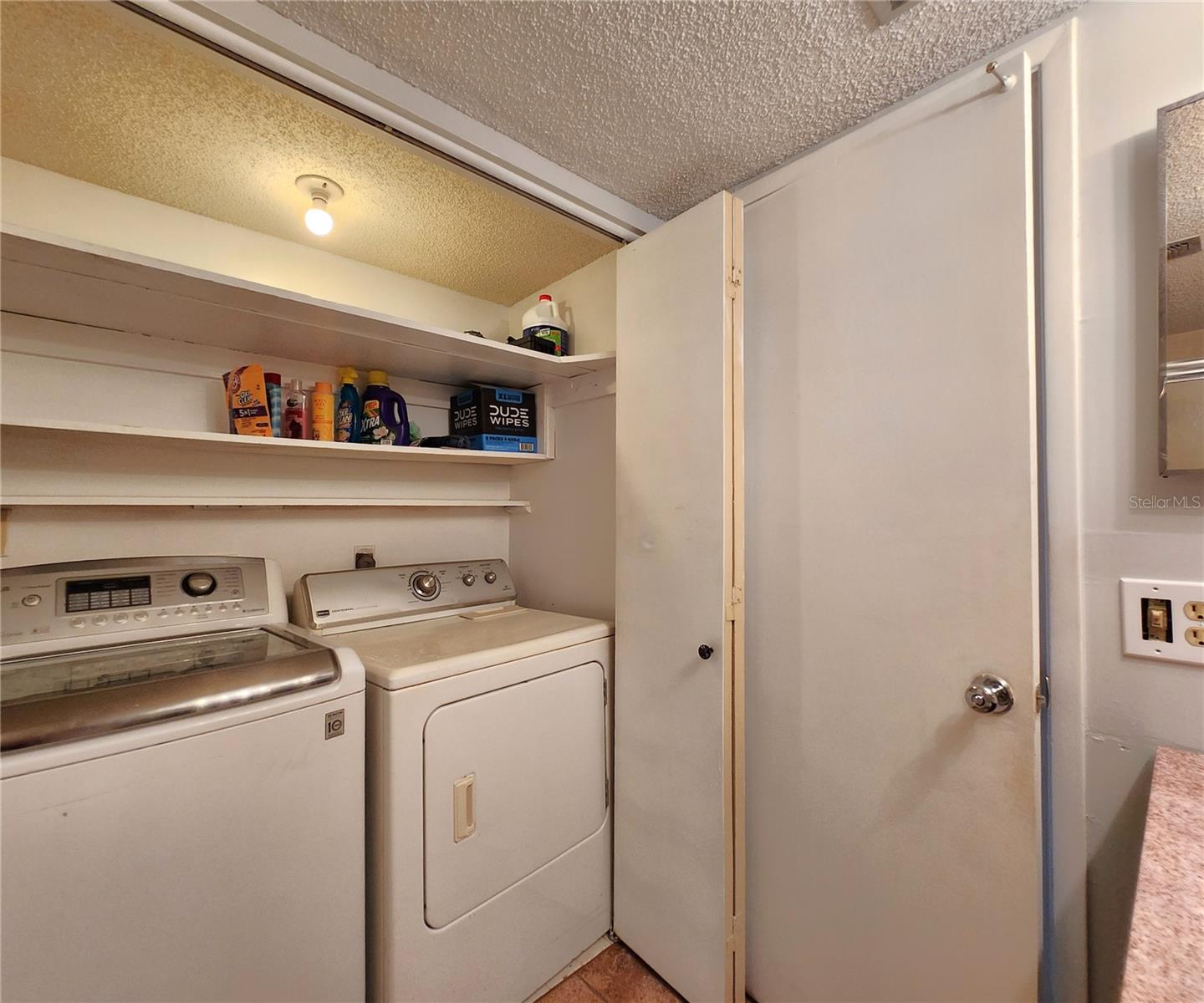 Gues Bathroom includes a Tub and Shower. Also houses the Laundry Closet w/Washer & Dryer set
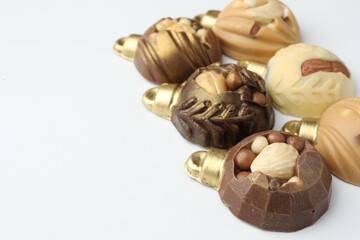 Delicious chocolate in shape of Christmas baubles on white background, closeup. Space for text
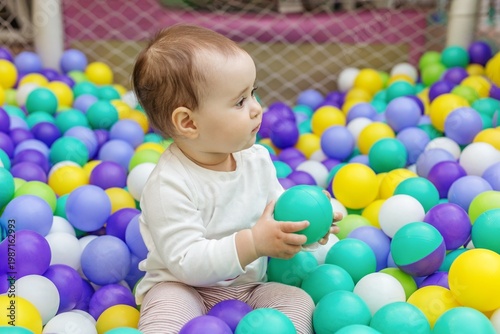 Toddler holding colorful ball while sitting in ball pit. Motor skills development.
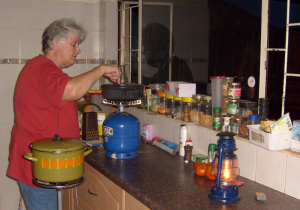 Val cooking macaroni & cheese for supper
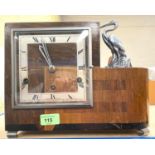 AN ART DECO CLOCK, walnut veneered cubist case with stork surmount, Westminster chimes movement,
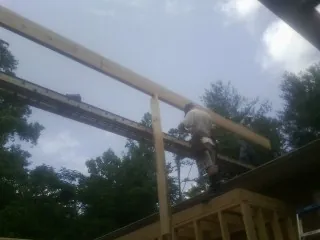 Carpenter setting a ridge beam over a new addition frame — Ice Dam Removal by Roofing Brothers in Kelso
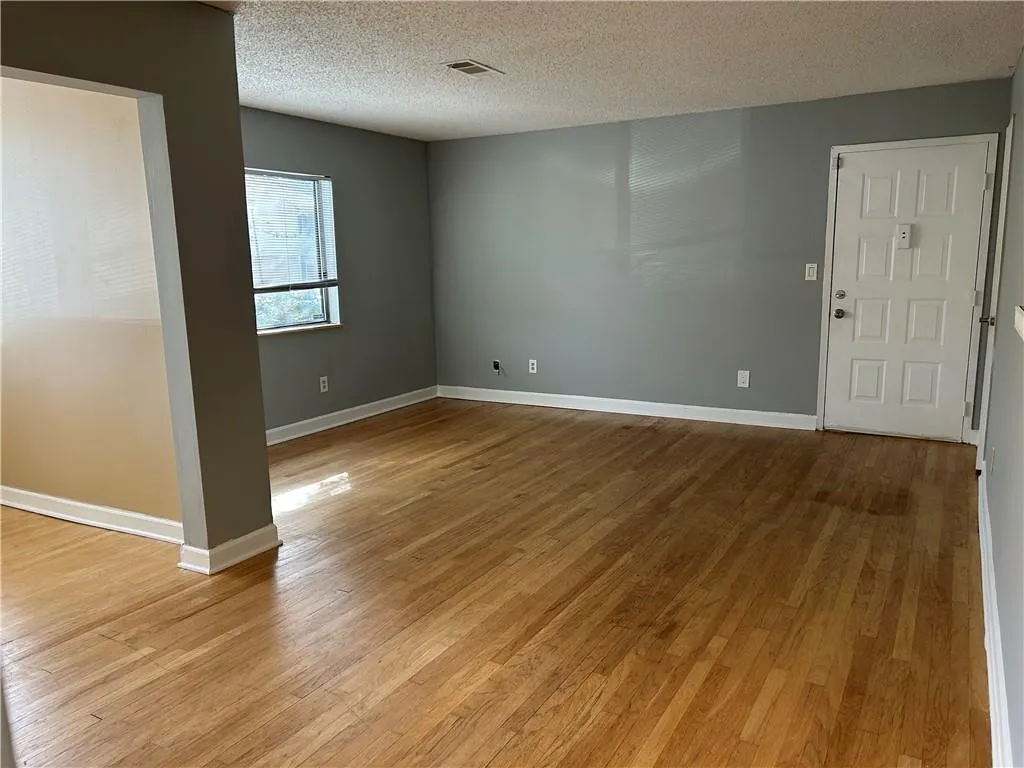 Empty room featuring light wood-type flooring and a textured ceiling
+-------+
> _Your instructions_
Copy all the entries above exactly as they stand, except for the pictures.

> _Solved problem_
 Gues Bathroom includes a Tub and Shower. Also houses the Laundry Closet w/Washer & Dryer set
 Delicious chocolate in shape of Christmas baubles on white background, closeup. Space for text
 Toddler holding colorful ball while sitting in ball pit. Motor skills development.
 Val cooking macaroni & cheese for supper
 AN ART DECO CLOCK, walnut veneered cubist case with stork surmount, Westminster chimes movement,
 Carpenter setting a ridge beam over a new addition frame — Ice Dam Removal by Roofing Brothers in Kelso
 Empty room featuring light wood-type flooring and a textured ceiling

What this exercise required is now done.